Provided entries:
○ ○ ○ ○ ○

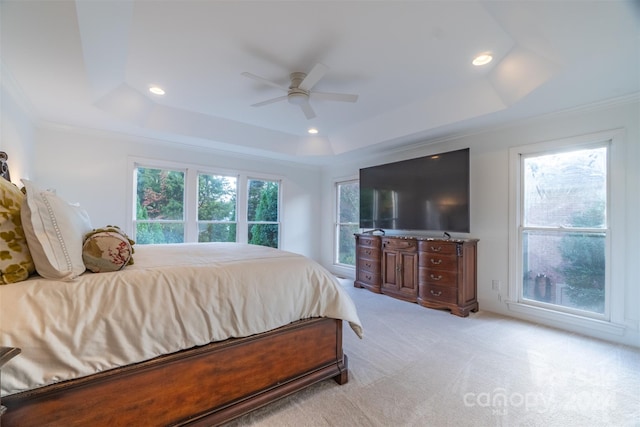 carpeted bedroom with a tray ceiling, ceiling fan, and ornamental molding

○ ○ ○ ○ ○

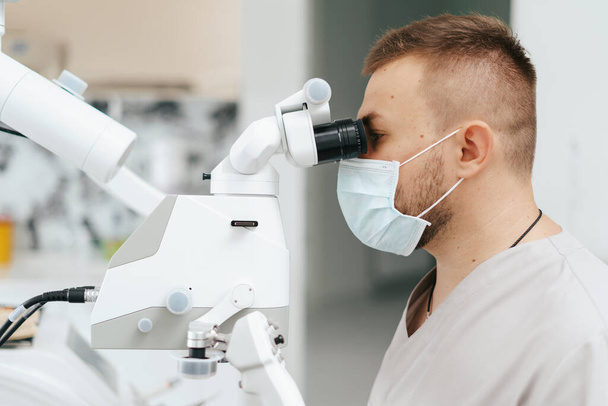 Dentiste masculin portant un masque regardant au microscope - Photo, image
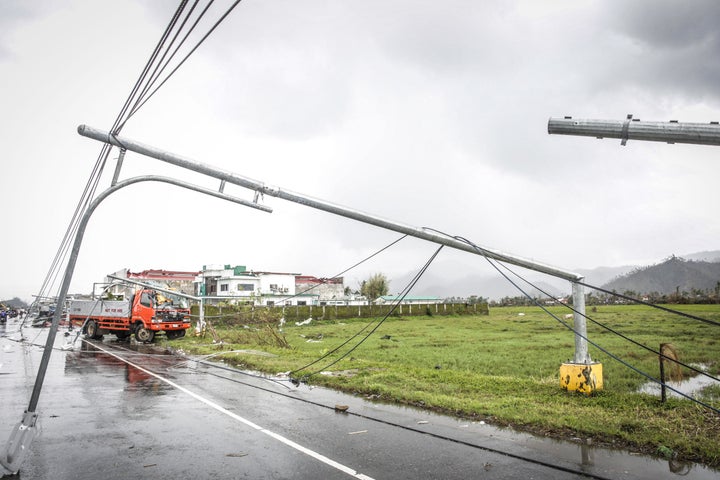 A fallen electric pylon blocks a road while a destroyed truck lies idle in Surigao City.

○ ○ ○ ○ ○

Would you set down only the lines above from the line with "Dentiste masculin portant" to the line with "A fallen electric", both included, exactly as they stand and without the pictures?

 Dentiste masculin portant un masque regardant au microscope - Photo, image
 A fallen electric pylon blocks a road while a destroyed truck lies idle in Surigao City.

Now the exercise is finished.